Abstract

This paper examines the constructive Hausdorff and packing dimensions of Turing degrees. The main result is that every infinite sequence S with constructive Hausdorff dimension dim H(S) and constructive packing dimension dim P(S) is Turing equivalent to a sequence R with dim H(R)≥(dim H(S)/dim P(S))−ε, for arbitrary ε>0. Furthermore, if dim P(S)>0, then dim P(R)≥1−ε. The reduction thus serves as a randomness extractor that increases the algorithmic randomness of S, as measured by constructive dimension.A number of applications of this result shed new light on the constructive dimensions of Turing degrees. A lower bound of dim H(S)/dim P(S) is shown to hold for the Turing degree of any sequence S. A new proof is given of a previously-known zero-one law for the constructive packing dimension of Turing degrees.
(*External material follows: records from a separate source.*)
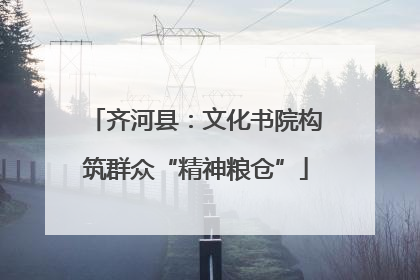 齐河县：文化书院构筑群众“精神粮仓”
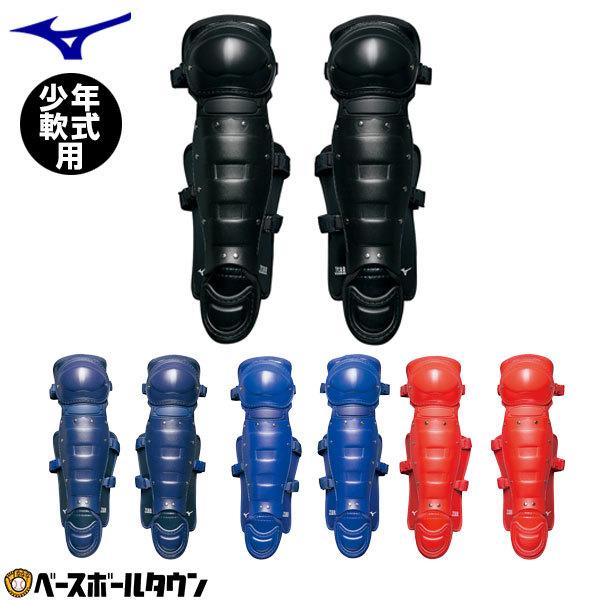 MIZUNO（ミズノ） 野球 キャッチャーレガース 軟式 少年 レガーツ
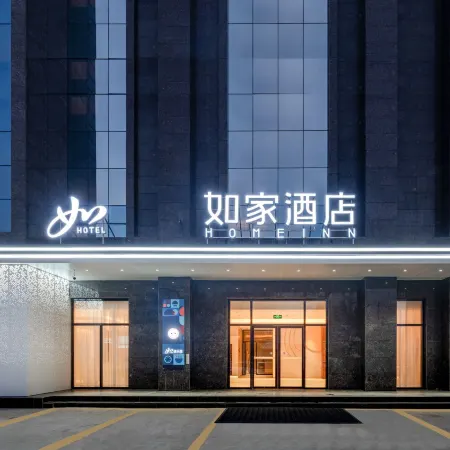 Homeinn · neo (Xi'an West Avenue Guodu West Subway Station) Отели рядом с достопримечательностью «Xi'an Jiaotong University No.1 Affiliated Hospital Chang'an Hospital»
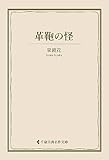 革鞄の怪 泉鏡花集 (古典名作文庫)
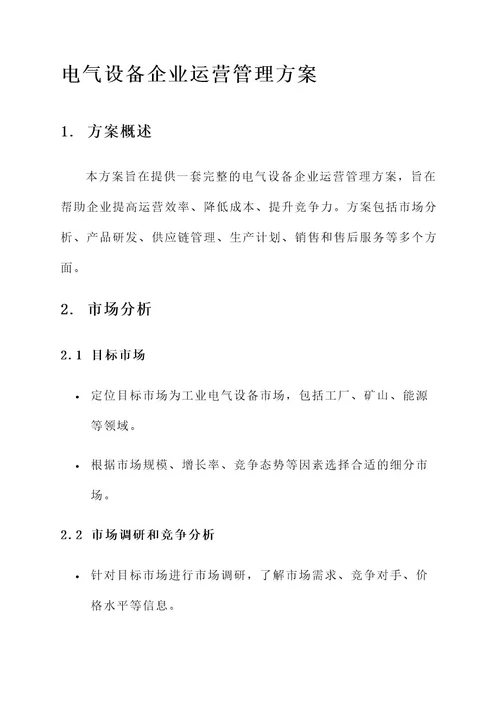 电气设备企业运营管理方案
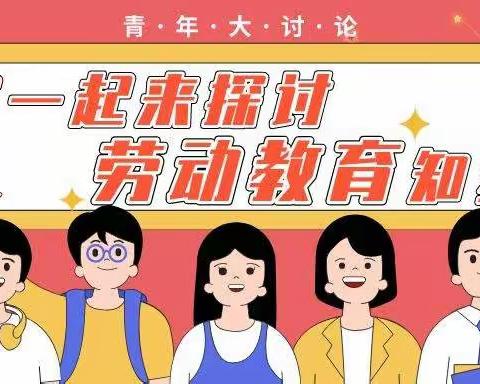 快乐劳动，幸福成长！——恩施市硒都民族实验小学一年级五班劳动教育活动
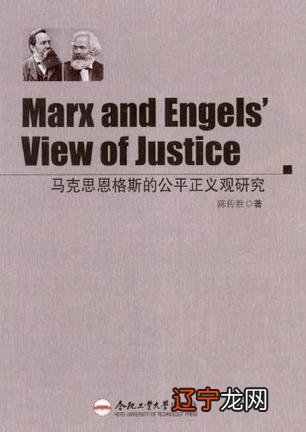 风水堂:八字如何看配偶生肖远近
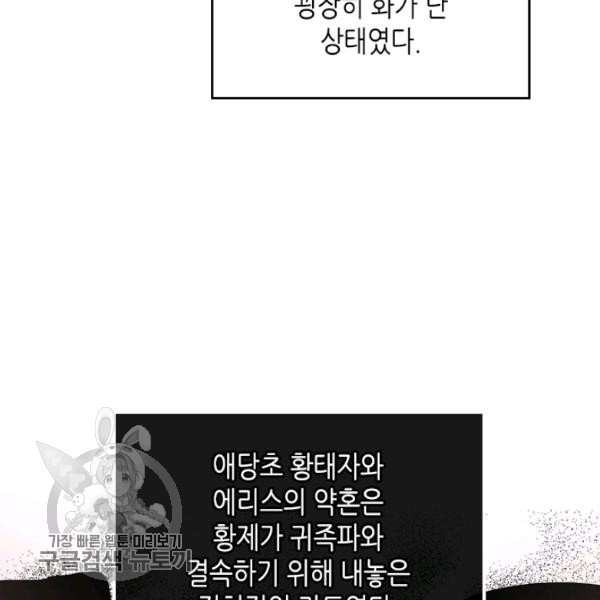 악녀를 죽여줘 5화 - 웹툰 이미지 19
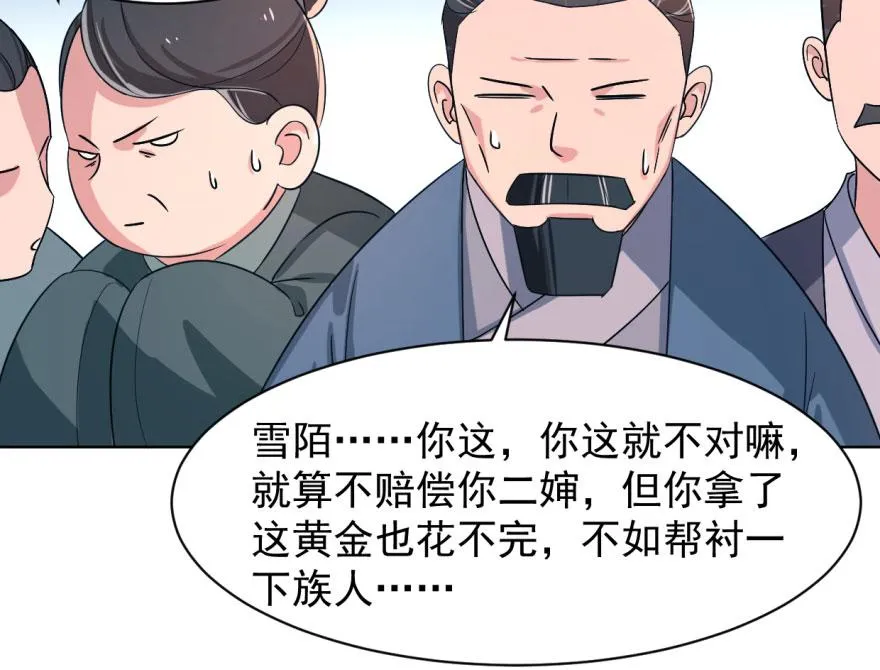 05 第73页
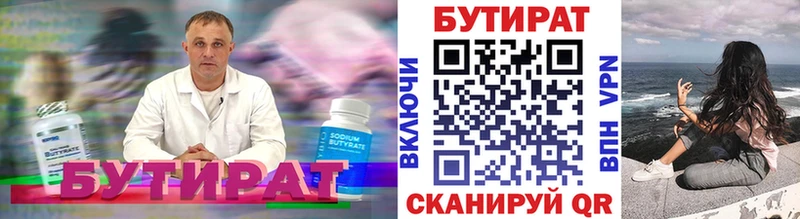 БУТИРАТ 1.4BDO  Меленки 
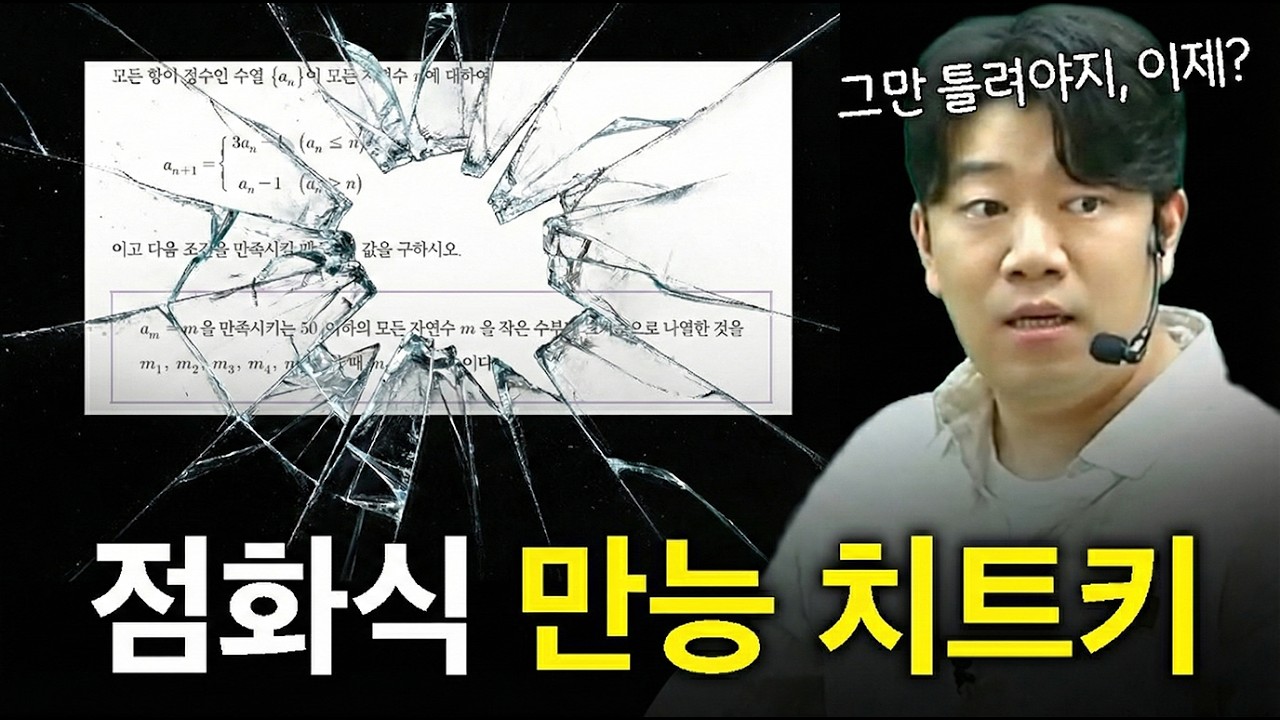 이 영상 보고 점화식 못 풀면 저한테 욕하셔도 됩니다.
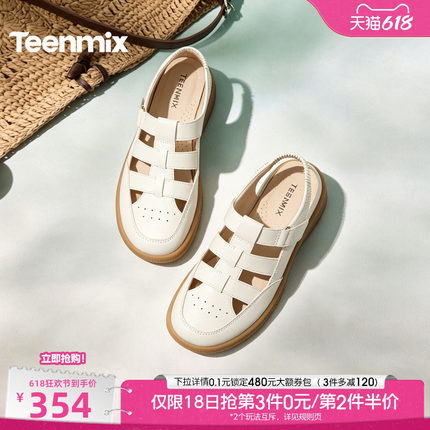 天美意复古厚底包头镂空罗马凉鞋女沙滩休闲凉鞋2026新款6ZU30BH6
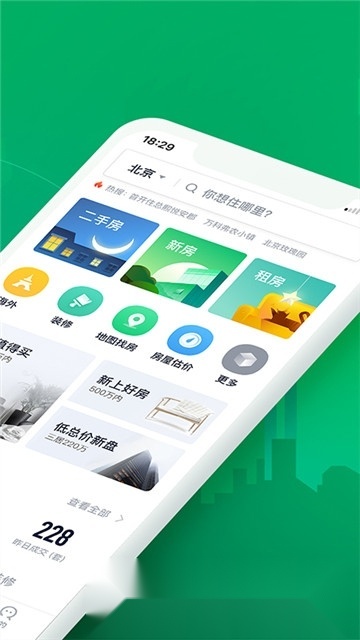链家(5)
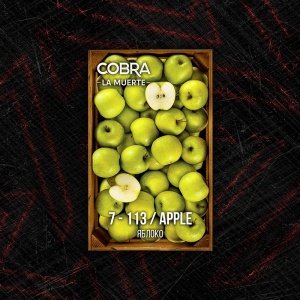 Табак Cobra La Muerte Apple (Яблоко) 40 гр.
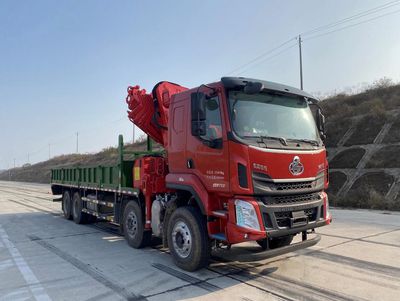 Lingyang  FXB5316JSQLZ6 Vehicle mounted lifting and transportation vehicle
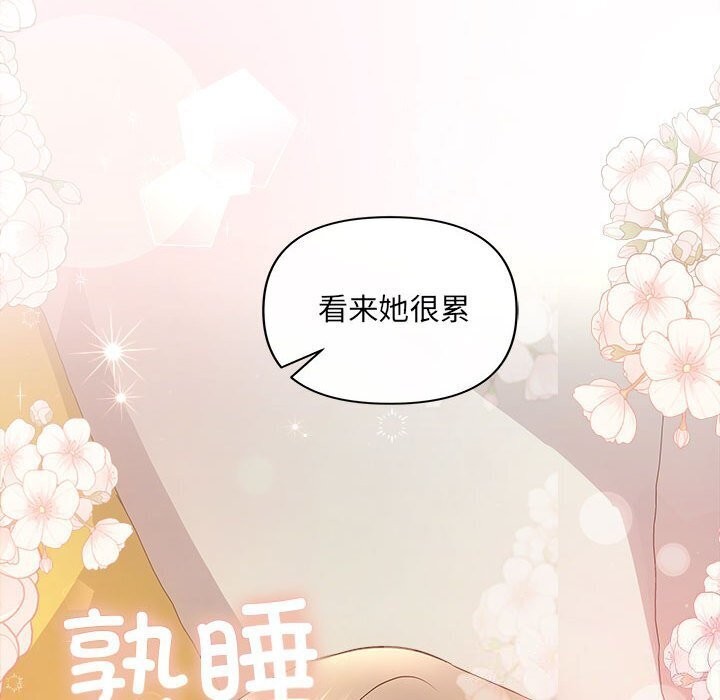 第29话 - 第46.jpg页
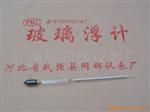 密度计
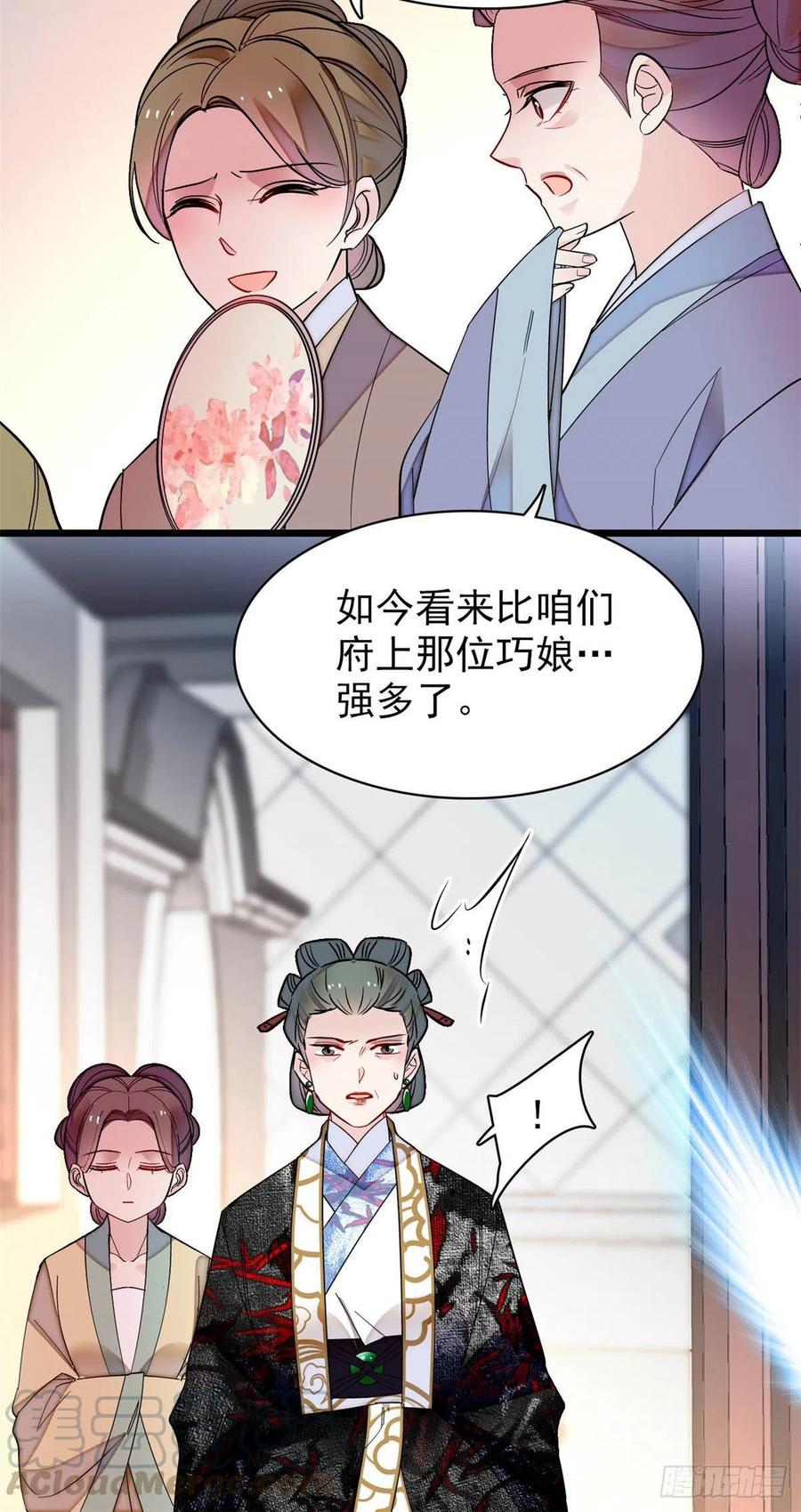 似锦韩漫全集-第149话 重逢季崇易无删减无遮挡章节图片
It is also shown that, for any regular sequence S (that is, dim H(S)=dim P(S)) such that dim H(S)>0, the Turing degree of S has constructive Hausdorff and packing dimension equal to 1.Finally, it is shown that no single Turing reduction can be a universal constructive Hausdorff dimension extractor, and that bounded Turing reductions cannot extract constructive Hausdorff dimension. We also exhibit sequences on which weak truth-table and bounded Turing reductions differ in their ability to extract dimension.